Test paddlers in recreational boats often hold their hands too close together. It's obvious when you see them that they have absolutely no mechanical advantage as they are holding the short end of a lever. But, then, how far apart should one's hands be?

Jumping ahead, I am going to guess that the answer is where ever your hands and stroke are most comfortable. Besides, what difference does it make...other than sore shoulders, no torso rotation, etc.. This all came to me yesterday as I happily paddled with a 230 set up.

I realized that I could get a different feeling of power by putting my hands ever so slightly further apart. I also realized that doing so ever so slightly reduced the reach of the blade and, thereby, shortened my stroke...ever so slightly. My arms pretty much stay the same length, and the distance from my hand to the tip of the paddle becomes shorter as I move my hands out toward the blades. Or, does moving my hand out increase my torso rotation and, thus, add back in the lost length?
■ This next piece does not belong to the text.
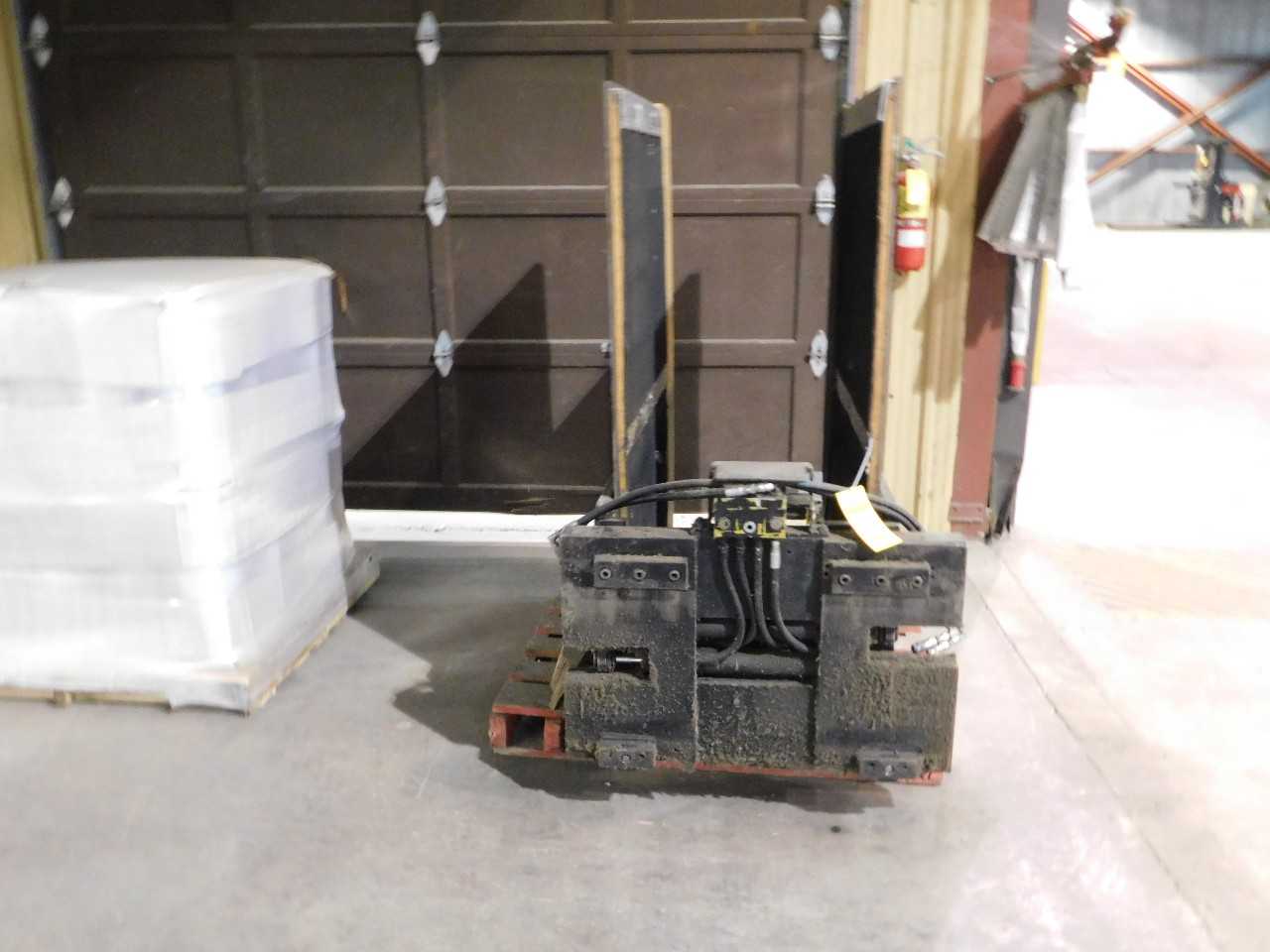 Hydraulic Powered  Forklift Attachment - LIFTING ATTACHMENTS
We instructors often have new paddlers hold their paddles with their hands as far apart as they can in order to get them to rotate their torsos. Then we tell them to make the touchdown sign with the paddle atop their heads and tell them that that is a good starting position. We usually don't, and can't, tell them exactly where the ideal grip will be, and they don't have enough experience to know when they have it. More over, they inevitably have the wrong length paddle (too short) and do not efficiently reach the water where ever they place their hands. So, how do they, and we, know the best hand placement that gives us comfort, power and efficiency?
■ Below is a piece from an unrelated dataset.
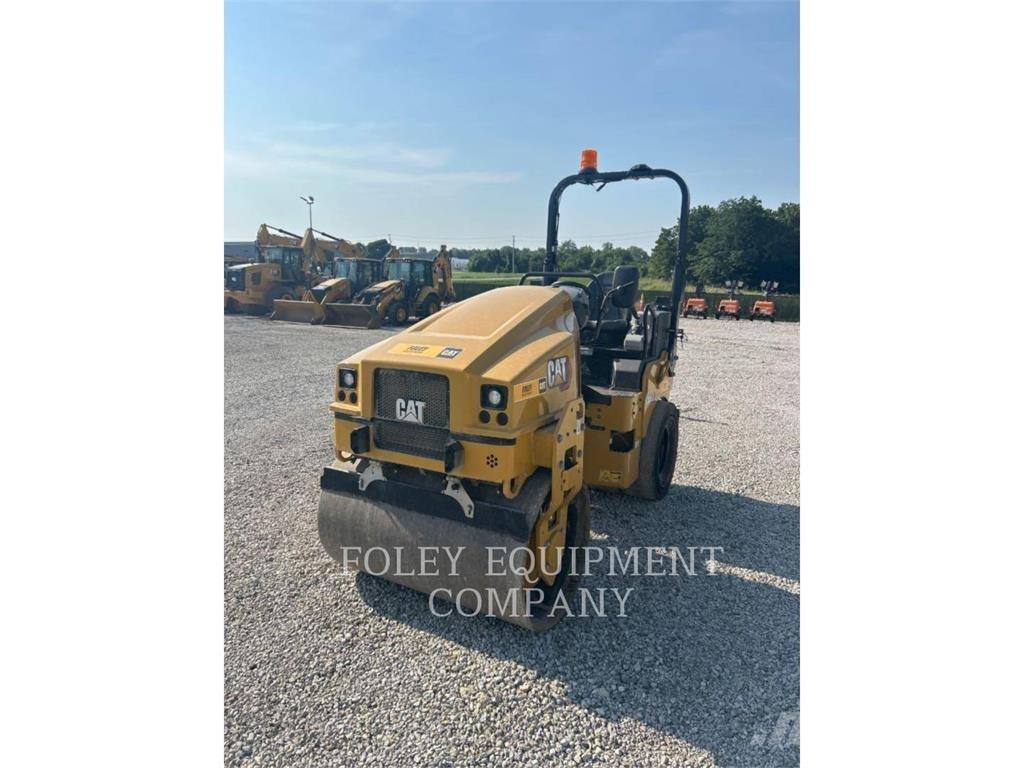 CAT CC4.0-03 Compacteur de sol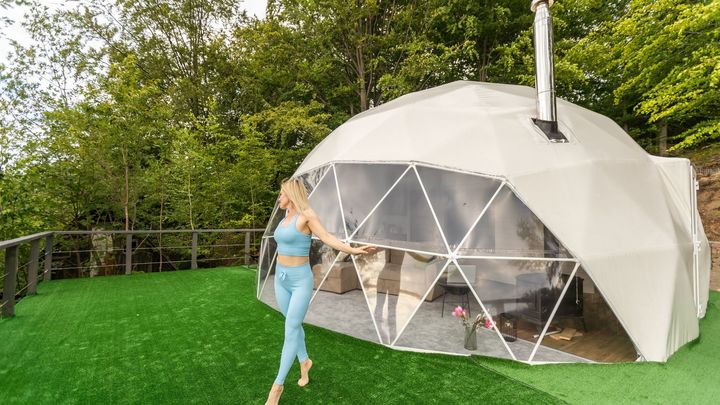 Stíny glampingu. Rychlokvašky, bez pravidel, fušeřina a další nebezpečné experimenty; Zdroj foto: Shutterstock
I knew I was too happy paddling yesterday. In fact, my only worry was that I had run out of things to worry about.

Paddle safe...


JohnB said...

. . . and that will never happen (you run out of things to worry about)!
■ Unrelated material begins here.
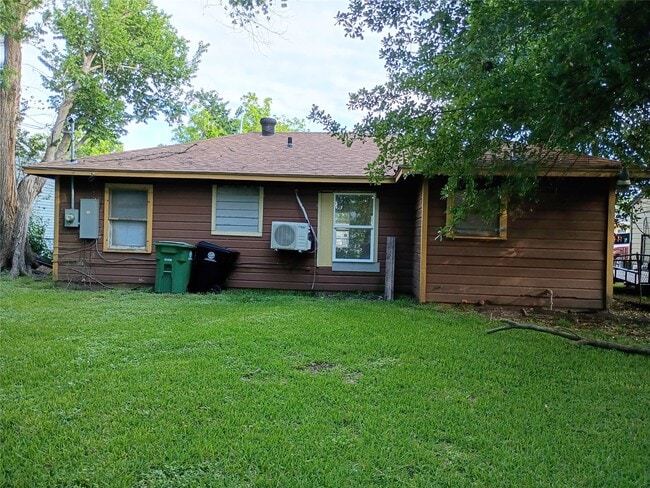 Building Photo - 5617 Malmedy Rd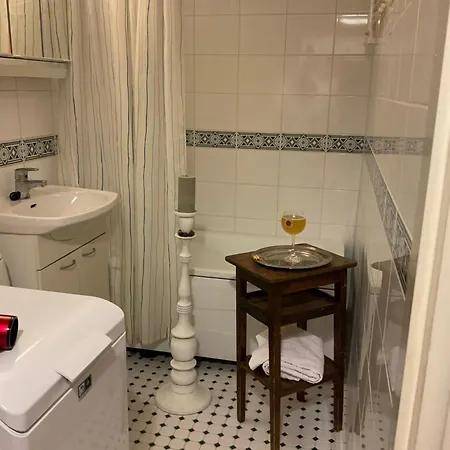 Retrohenkinen Taiteilijakoti - Kaleva Apartment Tampere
As to your comment that new paddlers start out with a paddle too short, my experience has been that they start out with a paddle that's too long. We tend to focus on the paddle length and the forward stroke. Granted that's what we do most of the time. however, a shorter paddle for most other strokes and maneuvers is certainly more effective and efficient. Think (worry) about that statement for awhile ;-)

Michael said...

I had an interesting day recently playing around with various strokes with a GPS unit mounted on the front deck. I don't have a paddle selection to play with, but it would be equally instructive. Watching my speed change while using different strokes was a revelation. I recommend trying it as you sort out your paddle mysteries!

derrick said...

ummm, doing distance with a Greenland stick a longer paddle is more effective...however, sharp maneuvering is another matter.

JohnB said...

Michael makes a good point about the GPS--a few years (5 or 6) ago while on a solo trip I used a GPS to monitor my stroke efficiency. I'd be slugging along for awhile and look down at the GPS to see that I was only going about 2 mph! While I was paddling into a 15 mph headwind, with gusts to 20+, I'd tighten by technique up--focus on good form, and I was able to pretty effortlessly go up to 3.5 mph, 4+ was pushing it in the headwind, but 3.5 with focus on good form was pretty easy. Sort of mid to high angle, good extension on the catch, good torso rotation, and just a nano second of a pause before the catch, and a clean release. Now these things are pretty well ingrained in my technique.